[Your assignment]: Would you return exactly the lines below from the line with "Segunda mano: Falda" through the line with "New Jersey Nets", both included, and nothing else, leaving out the pictures?

[Data supplied]:

━━━━━━

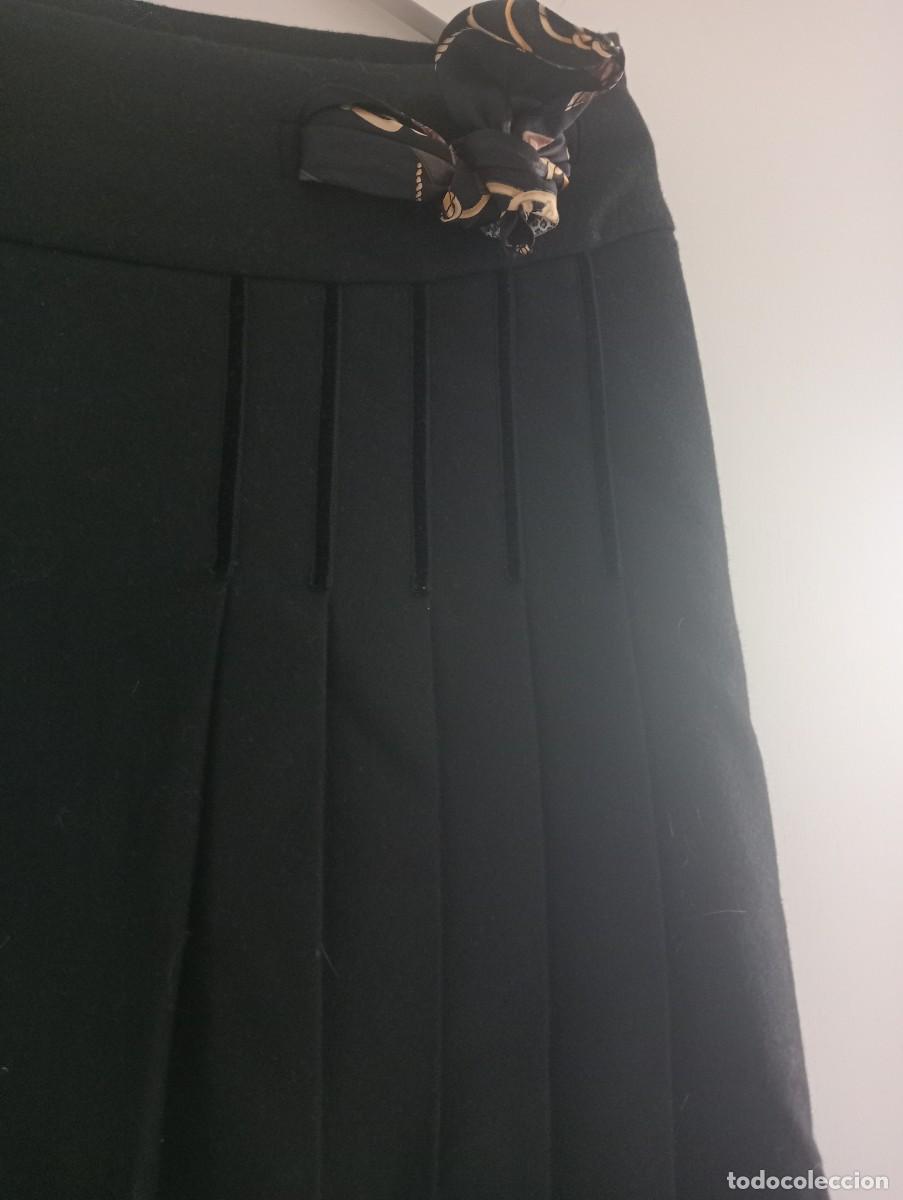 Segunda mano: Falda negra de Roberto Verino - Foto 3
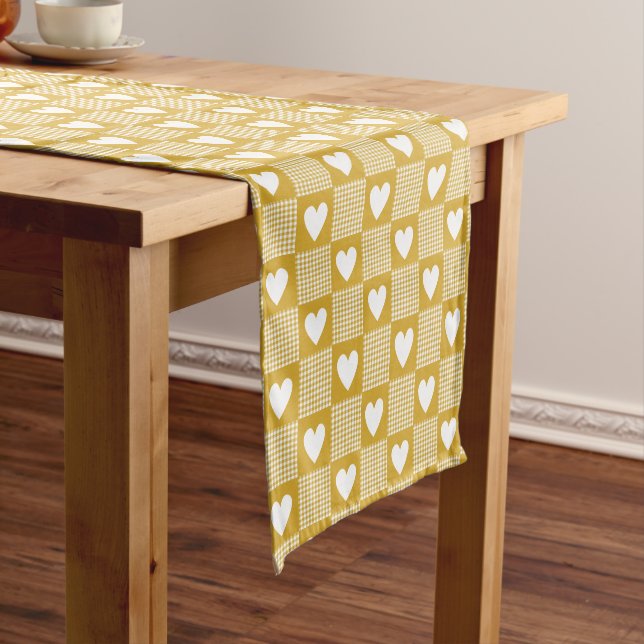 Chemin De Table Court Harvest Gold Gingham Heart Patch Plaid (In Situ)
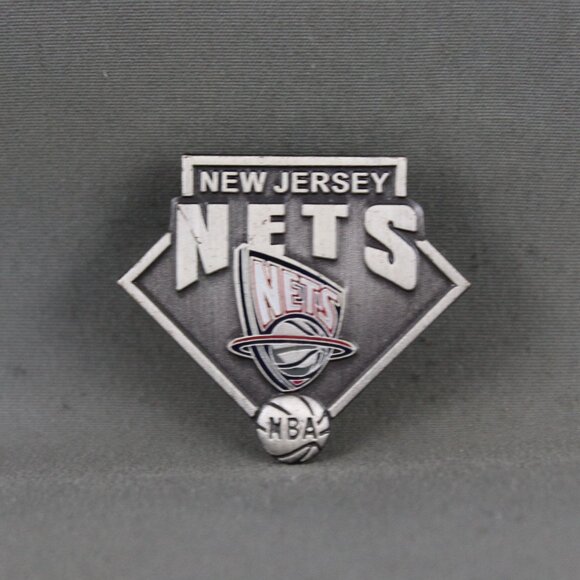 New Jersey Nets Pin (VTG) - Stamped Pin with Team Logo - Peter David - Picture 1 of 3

━━━━━━

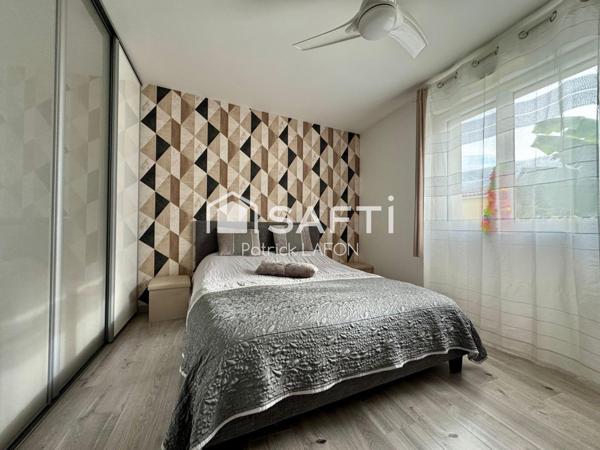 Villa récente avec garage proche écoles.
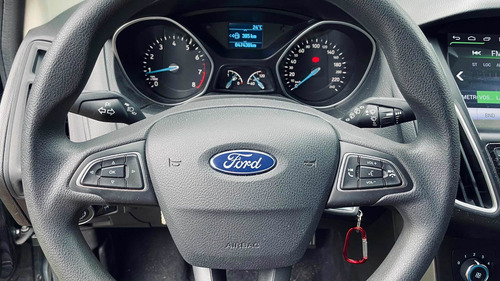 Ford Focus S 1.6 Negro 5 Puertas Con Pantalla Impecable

━━━━━━

[Solution to this task]:
 Segunda mano: Falda negra de Roberto Verino - Foto 3
 Chemin De Table Court Harvest Gold Gingham Heart Patch Plaid (In Situ)
 New Jersey Nets Pin (VTG) - Stamped Pin with Team Logo - Peter David - Picture 1 of 3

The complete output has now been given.